Alors, quel avenir musical se dessine pour les 21 participants qui défileront sur la scène du concours au gré des lundis soir ? Entrent-ils dans une industrie qui s’écroule ? « Quand je suis arrivée en 2012, c’était déjà fini ! relativise Klô Pelgag. J’avais des ateliers à Petite-Vallée avec des artistes de renom, on était tous fébriles, mais eux disaient “c’est mort la musique !”. Je suis partie avec cette idée-là. Et que ça pouvait juste aller mieux. »

La manière de consommer de la musique a changé, souligne Benoît Pinette, ajoutant qu’il devra se passer quelque chose afin que les redevances soient mieux distribuées. « Mais reste que je n’ai pas envie d’être alarmiste. Il va toujours avoir des gens curieux, des mélomanes, qui vont vouloir entendre quelque chose de différent. »
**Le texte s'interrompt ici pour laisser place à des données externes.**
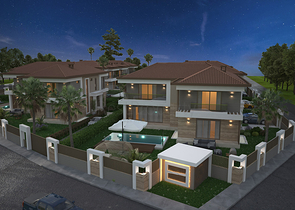 فيلات في منطقة دوشيميالتي المرموقة-أنطاليا  فيلات في منطقة دوشيميالتي المرموقة-أنطاليا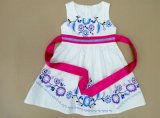 Sleeveless Children Clothing Girl Dress (DG002)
Vingt et un artistes, sept lundis

Ils sont 21 artistes ou groupes sur la ligne de départ des Francouvertes. Durant la présélection, qui s’égrainera pendant les sept prochaines semaines, trois recrues monteront chaque lundi soir sur la scène du Lion d’Or et tenteront de séduire le jury de l’industrie ainsi que le public, qui a son mot à dire dans la note finale des jeunes artistes. Les neuf meilleurs, toutes soirées confondues, passeront en demi-finales du « concours-vitrine de toutes les musiques » et tenteront d’atteindre la grande finale du 7 mai. Le grand gagnant remportera une bourse de 10 000 $ et une série de prix, en service ou en spectacles. Des dizaines de récompenses sont aussi destinées aux différents participants, finalistes ou non.